Black Rabbit è una miniserie crime/thriller in streaming su Netflix dal 12 settembre.
Diretta da Jason Bateman, che firma anche i primi due episodi, e creata dalla coppia Zach Baylin (King Richard) e Kate Susman, la serie si sviluppa in otto episodi e vanta nel cast due nomi di peso: Jude Law nel ruolo del protagonista Jake Friedken e lo stesso Bateman, che interpreta suo fratello Vince. Accanto a loro, una solida Amaka Okafor nei panni della chef del ristorante, Cleopatra Coleman, e uno straordinario Troy Kotsur in un ruolo secondario ma memorabile.
La trama ruota attorno al difficile ricongiungimento tra i due fratelli Friedken, un tempo musicisti e ora co-fondatori di un ristorante a Brooklyn. Il loro passato ingombrante, le fragilità personali e i problemi economici li trascinano a compiere vari errori in un turbine di bugie e compromessi. Una discesa pericolosa fatta di debiti, vecchi rancori e scelte sbagliate.
‘Black Rabbit’: il trailer della serie con Jason Bateman e Jude Law
Black Rabbit Un viaggio pericoloso
A partire dal titolo Black Rabbit, che richiama l’idea del “rabbit hole”, il tunnel profondo e oscuro dove tutto si complica, la serie cerca fin da subito di presentarsi come un dramma psicologico metropolitano: tensione, atmosfera opprimente, scelte che portano alla rovina. Le premesse non mancano, ma il problema è che non sempre si ha voglia di seguire i protagonisti in questo abisso.

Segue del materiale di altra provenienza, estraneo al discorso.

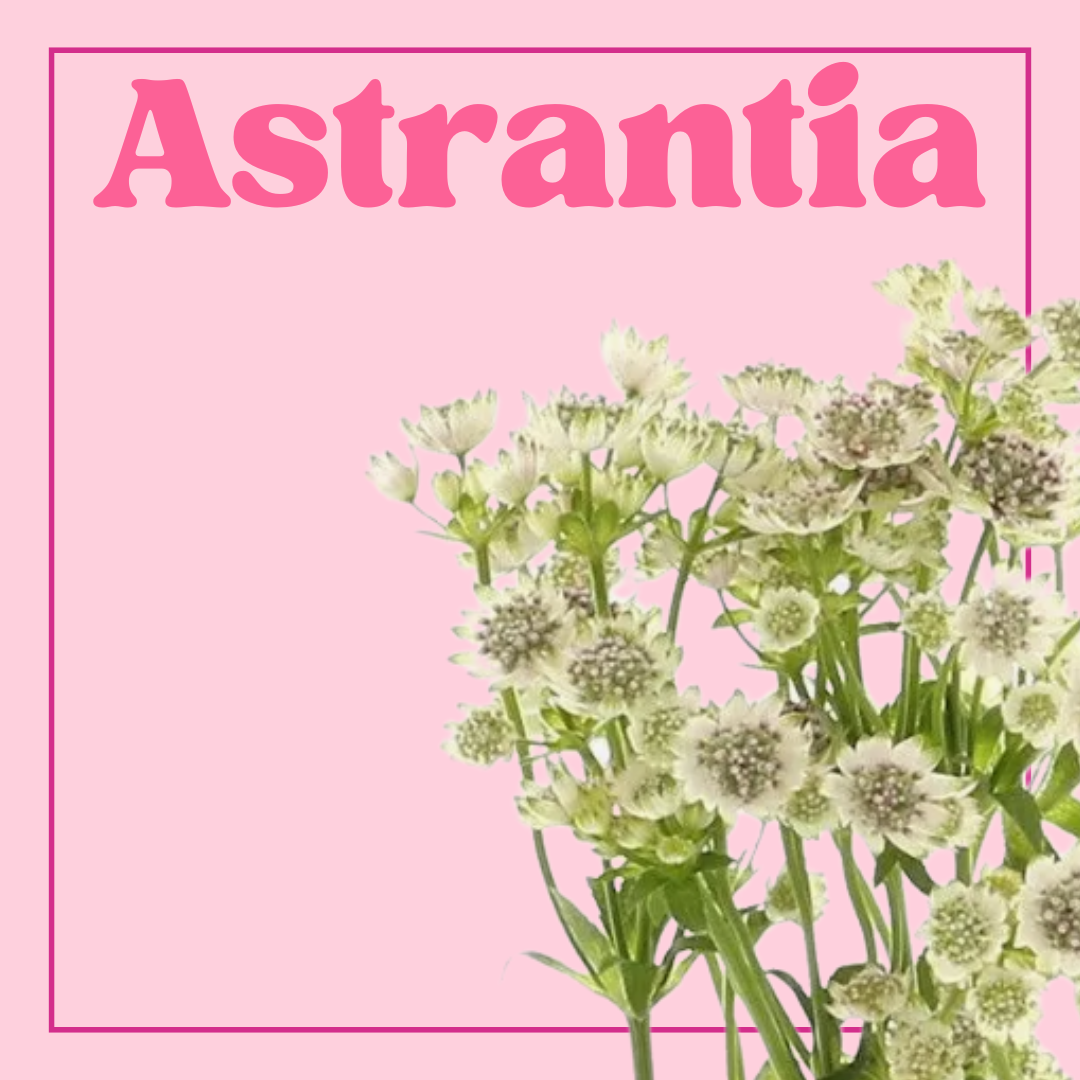 Astrantia - 10 Stems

Jason Bateman ha dimostrato di saper interpretare il genere del crime familiare con maestria in Ozark, dove il suo Marty Byrde era un uomo all’apparenza normale che scivolava lentamente nell’illegalità per salvare la famiglia. Lì, però, la costruzione del personaggio era graduale, avvincente, ricca di sfumature. In Black Rabbit, il suo Vince è invece presentato subito come un uomo allo sbando: ex tossico, pieno di debiti, irresponsabile. Il risultato? Manca la tensione narrativa del “cosa farà adesso?” perché è già tutto a pezzi, e non c’è alcuna evoluzione.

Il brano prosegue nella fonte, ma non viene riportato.